# Work to complete
When you transcribe the listing, keep each line exact and drop the pictures.

# Provided data
|---|

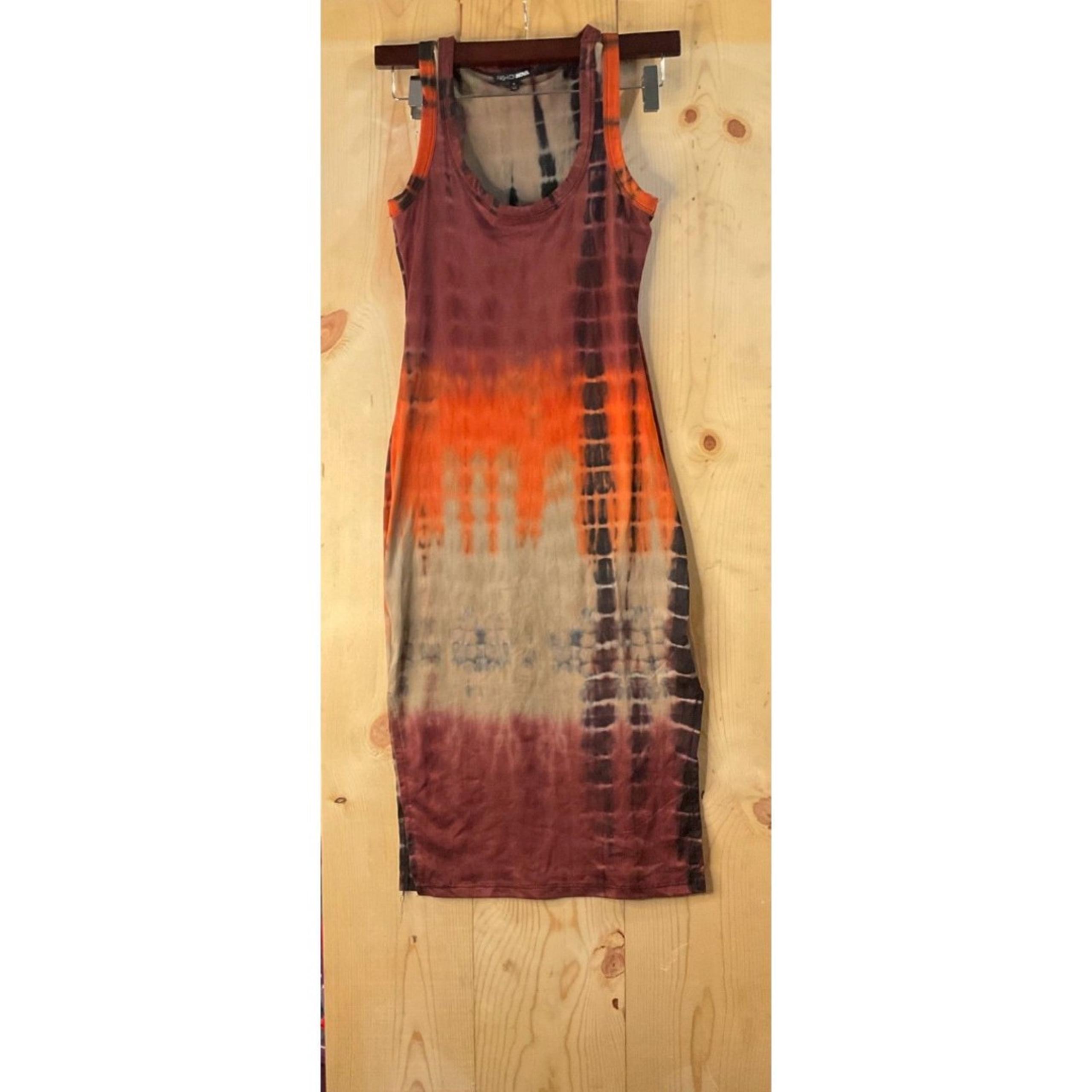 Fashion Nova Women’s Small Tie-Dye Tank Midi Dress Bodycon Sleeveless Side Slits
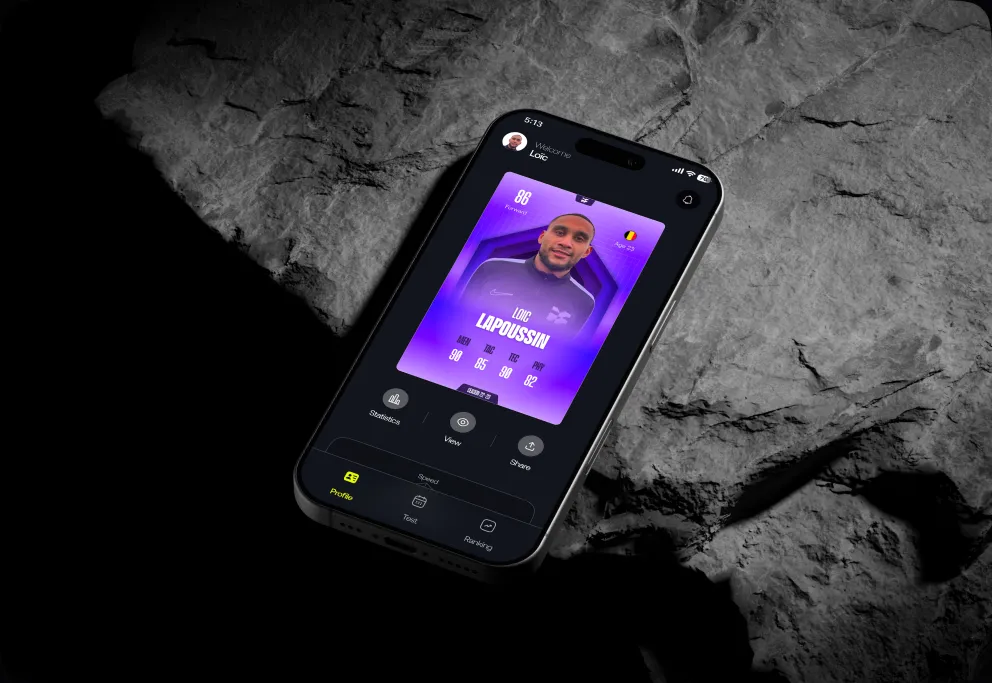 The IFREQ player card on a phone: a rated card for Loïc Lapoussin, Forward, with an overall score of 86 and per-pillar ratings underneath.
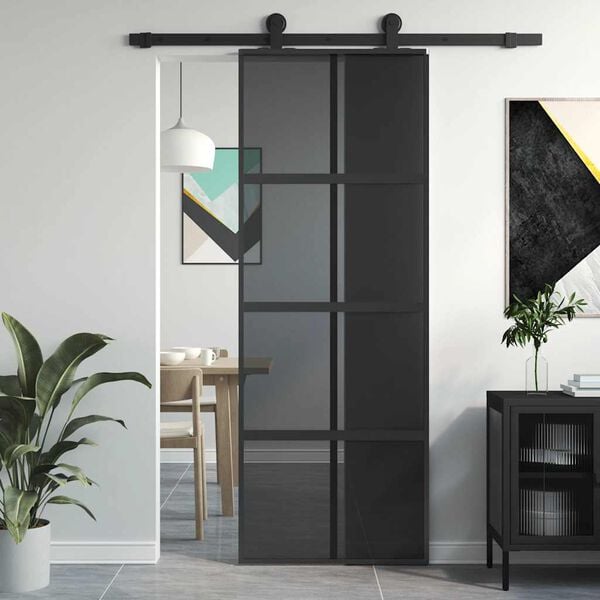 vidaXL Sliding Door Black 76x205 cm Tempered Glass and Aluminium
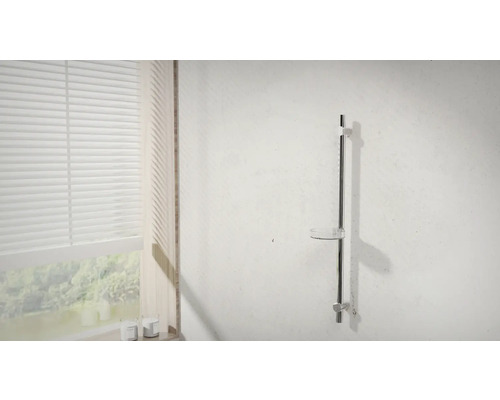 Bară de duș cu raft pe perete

|---|

# Response area
 Fashion Nova Women’s Small Tie-Dye Tank Midi Dress Bodycon Sleeveless Side Slits
 The IFREQ player card on a phone: a rated card for Loïc Lapoussin, Forward, with an overall score of 86 and per-pillar ratings underneath.
 vidaXL Sliding Door Black 76x205 cm Tempered Glass and Aluminium
 Bară de duș cu raft pe perete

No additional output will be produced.